Comentário

Lisboa à vista

João Ferreira

Passaram quatro anos desde a entrada em vigor do Tratado de Lisboa. Muitas e substanciais foram as alterações operadas na União Europeia desde então. Algumas directamente decorrentes da entrada em vigor do Tratado. Outras impostas a pretexto da crise da UE/Zona Euro – como o novo Tratado Orçamental e a chamada Governação Económica. Em qualquer dos casos, avançou-se pelo caminho cimentado por Lisboa e aberto por outros antes dele, com destaque para Maastricht.

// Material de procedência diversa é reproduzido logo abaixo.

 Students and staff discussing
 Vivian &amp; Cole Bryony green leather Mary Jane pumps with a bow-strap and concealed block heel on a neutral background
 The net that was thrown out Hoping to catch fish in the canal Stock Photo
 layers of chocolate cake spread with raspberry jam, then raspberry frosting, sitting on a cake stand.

Lisboa – assim chamado por aqui ter sido assinado, em 2007, durante a presidência portuguesa da UE (unindo Sócrates e Barroso num «porreiro pá» que ficaria para a posteridade) – alargou as competências exclusivas da UE (áreas onde os estados não riscam...), juntando à união aduaneira, às regras de concorrência no mercado interno e à política monetária na Zona Euro, a política comercial e a gestão dos recursos vivos marinhos. Aprofundou a submissão de esferas crescentes da vida social (os serviços públicos) ao mercado e à «livre concorrência não falseada». Lançou as bases para a militarização da UE. Entre muitas outras gravosas alterações.

Agora, em 2014, entra em vigor a nova relação de poder entre estados estabelecida pelo Tratado de Lisboa, que enquadra o processo decisório nos órgãos da UE. O poder dos grandes estados é substancialmente reforçado. A partir deste ano, os seis maiores países – com a Alemanha à cabeça – deterão 70 por cento dos votos no Conselho, enquanto que os demais 22 países (onde se inclui Portugal) contarão com apenas 30 por cento dos votos (a Portugal correspondem cerca de dois por cento, mais de sete vezes menos do que à Alemanha). Os quatro maiores estados – Alemanha, França, Reino Unido e Itália – têm o poder para bloquear qualquer decisão. O direito de veto por um qualquer país que entenda estarem em causa os seus interesses vitais foi substancialmente restringido. No Parlamento Europeu os mesmos seis países – com a Alemanha à cabeça – continuarão com mais de 50 por cento dos lugares.

Muitos dos que hoje verberam o poder excessivo da Alemanha estiveram com o Tratado de Lisboa desde a primeira hora. Forçaram a sua aprovação nas costas dos povos. Contrariando a sua vontade, quando necessário foi.

Assinado em 2004, o Tratado Constitucional, defunto antecessor do Tratado de Lisboa, não chegaria a ver a luz do dia, na sequência do seu chumbo em referendo pelos povos francês e holandês.

Não desistiram. O Tratado foi recauchutado e, após uma presidência alemã onde no essencial tudo foi acertado, aprovado durante a presidência portuguesa e rebaptizado – Lisboa.

Em 2005, no Programa do recém-empossado governo PS-Sócrates lia-se: «o Governo entende que é necessário reforçar a legitimação democrática do processo de construção europeia, pelo que defende que a aprovação e a ratificação do Tratado deve ser precedida de referendo popular». Rapidamente a promessa (que havia sido também feita durante a campanha eleitoral) caiu. Pressionado por quem manda, o PS mais uma vez dobrou a cerviz, deu o dito por não dito e mandou às malvas as preocupações com «o reforço da legitimação democrática». Tal como nos demais países da UE (com excepção da Irlanda, onde a Constituição obriga à realização de um referendo), o Tratado de Lisboa seria aprovado sem referendo, no recato do Parlamento, com o europeísta apoio e aplauso de PS, PSD e CDS.

Demonstrando que a falta de coluna vertebral é com frequência concomitante com a falta de vergonha, Sócrates justificou-se dizendo que o Tratado de Lisboa era diferente do antigo Tratado Constitucional, e que a promessa eleitoral e o compromisso do Programa de Governo valiam para este último mas não para o primeiro. Na mesma altura, pela Europa fora, os seus colegas dos restantes países da UE, denunciavam-no. Merkel reconhecia: «A substância da Constituição é mantida. É um facto». Zapatero, primeiro-ministro espanhol: «Não abandonámos um só ponto essencial da constituição (…). É sem dúvida alguma muito mais do que um tratado. É um projecto de carácter fundador, um tratado para uma nova Europa». Vaclav Klaus, presidente da República Checa: «Só foram operadas alterações cosméticas, o documento de base é o mesmo». Bertie Ahern, primeiro-ministro da Irlanda: «90 por cento [da constituição] continuam lá».

2014 deixar-nos-á mais perto da derrota deste Tratado e dos seus objectivos. Um dia, sobre os seus escombros, lembrar-se-ão, com alívio, estas e outras histórias, de vileza e de traição.